Bringing it back to whether it’s teachers’ responsibility to solve the deficit, the answer was NO. That does not seem to be the case now. In 12 of the last 13 years, the state of Montana has given its inflationary increase, and teachers in our district have not ever gotten that amount. We keep going from “we’ll get you next time,” to even “we’ll get you next time if we can.”
● True that we didn’t apply inflationary increase to the base, but salaries, by steps alone did increase.
○ When you are tracking standard of living, you have to look at the schedule; you can’t just track an increase from years 0-10 and call that an increase.
○ There’s a difference between a wage increase for gaining expertise and a wage increase to keep up with inflation and cost of living.
○ In theory, step advancement alone should pay for itself with savings from attrition.
● Teachers are upset with their bargaining team. The agreement with moving to Steps and Lanes is that it would provide for meaningful COLAs. The team was also told that another dollar would never be added to PCAP.
You’re so far apart that it might be better to go to mediation or back to traditional bargaining.
Many teachers have been part of this process for a number of years. The HEA bargaining team has regularly taken back to membership the ask to forgo real increases due to district financial needs. The last three years of bargaining were tremendously difficult. We were told that by going to steps and lanes that we would get COLAs. We still got nothing. When members talk about salaries, morale is low, teachers are overworked, and, frankly, feeling emotionally blackmailed with the rhetoric that “it’s for the kids.” A lot of district rhetoric feels like lip service. Because of sub shortages, we can’t take days, we can’t take time for ourselves; thus, money is one of the few things that makes teachers feel a little better. It’s disheartening and devaluing.

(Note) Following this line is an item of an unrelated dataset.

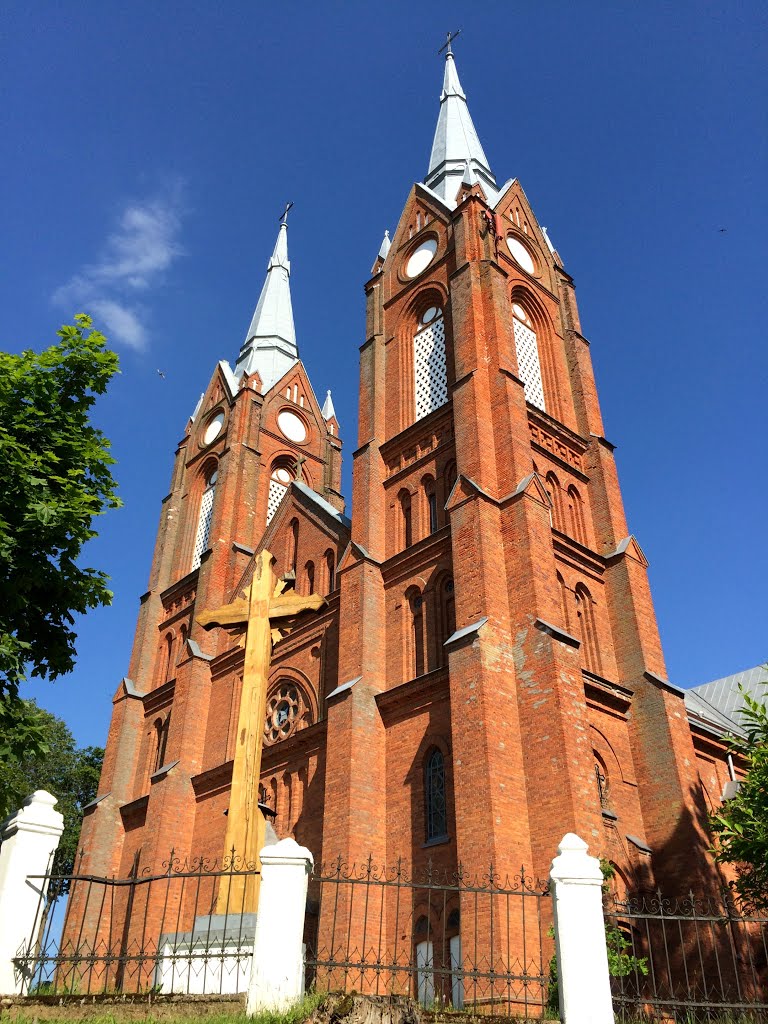 Vilkijos-Šv.-Jurgio-bažnyčia_St-George-Church-in-Vilkija.jpg.jpg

Not an easy place when looking at the budget compared to what teachers deserve. A lot of pieces to historical conversations that need to be addressed. It will take time from the institutional trauma that’s occurred. Where is the common ground between where the budget tells us we need to live. I have to find where we can live in this year’s negotiations and next year’s.
Things have to change if we are going to create a sustainable schedule with COLAs for the workforce. Current option from the district doesn’t reflect the changes that need to happen. The solution can’t be to let time degrade the pay scale.